Dani is the perfect partner for this book – I’ve rarely seen a case of an artist more suited to a book. Her art is a descendant of Mignola and Miller, but with a verve of its own. She commands how space works on the page, lines signify exactly what she wants them to, and she melds this impressionistic abstraction with some very solid anatomy to create a style that can shift between moods and levels of abstraction.
If you have never read Coffin Bound, one thing I can assure you is that you’ve never read a comic like this, and it’s a bit of a pity that there haven’t been any more comics like this.
Hit Man: K and I watched this on Friday because we thought it’d be an interesting cocktail of flavours – an erotic comedy thriller directed by Richard Linklater – but in practice, it’s thunkingly mediocre. The script hasn’t been worked on enough – it’s a very rough first draft peppered with extremely basic philosophy quotes spelling out the theme in far too much detail. Glen Powell and Adria Arjona are both terrible, hamming up their performances to the point where you wonder if there was any continuity work done on how the characters were supposed to progress from beginning to end – the acting is that erratic. Finally, it’s shot like it was made for Netflix.
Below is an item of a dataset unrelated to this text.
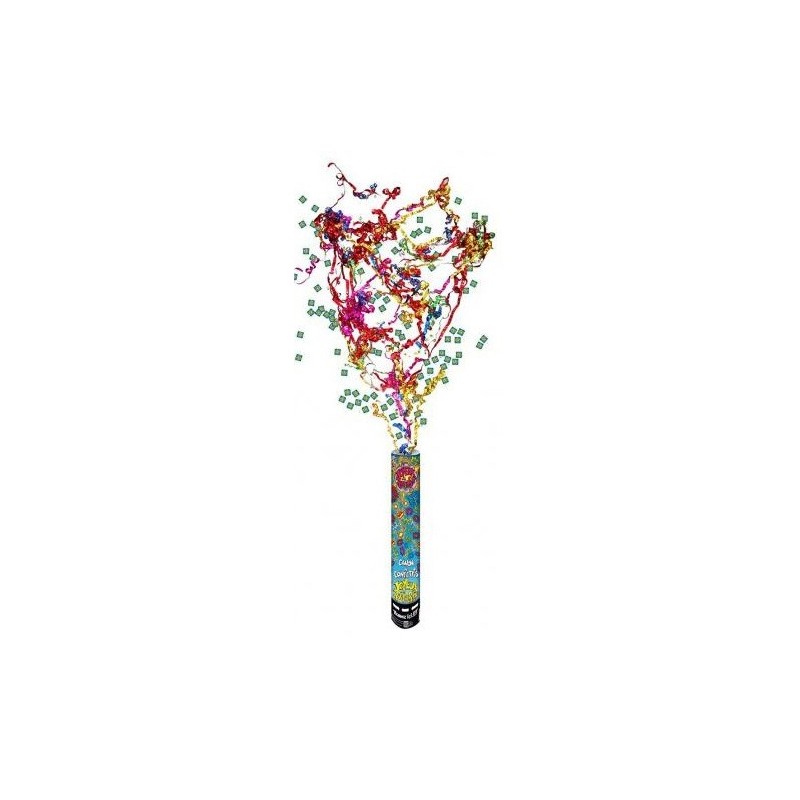 Confetti Cannon Joyeux Anniversaire Confetti Cannon Joyeux Anniversaire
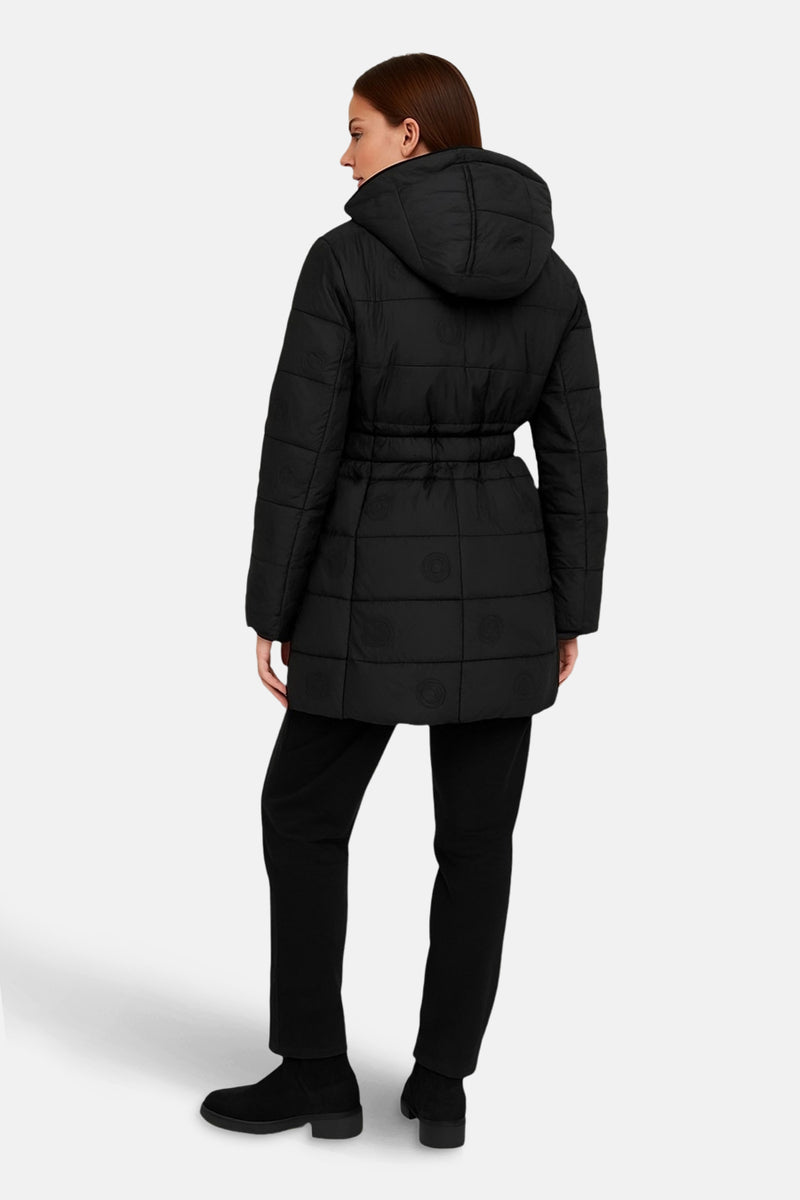 Veste - noir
I don’t think there’s a single interesting shot in the film, and anyone who watched this in the cinema wasted their time. It’s a pity, because there’s a great concept here, and the structure is mostly in place – it’s just that there are three movies in here, any of which would’ve been fine, but nobody cared to decide between them or write any of them well. Linklater is known for this sort of narrative mishmash, but usually he does better. Like I said in my one-word Letterboxd review: “Eh.”
I actually got this written up on Saturday and I’m sending this on the weekend, which is a pleasant surprise for me. I guess the big reason is that I didn’t actually read or watch much this week. (I didn’t write up any new tv, but I’ve been watching Apple TV’s Shining Girls after K told me she was watching it and I accidentally spoiled the SF twist for her because I knew it from the novel. It’s very good, by the way.)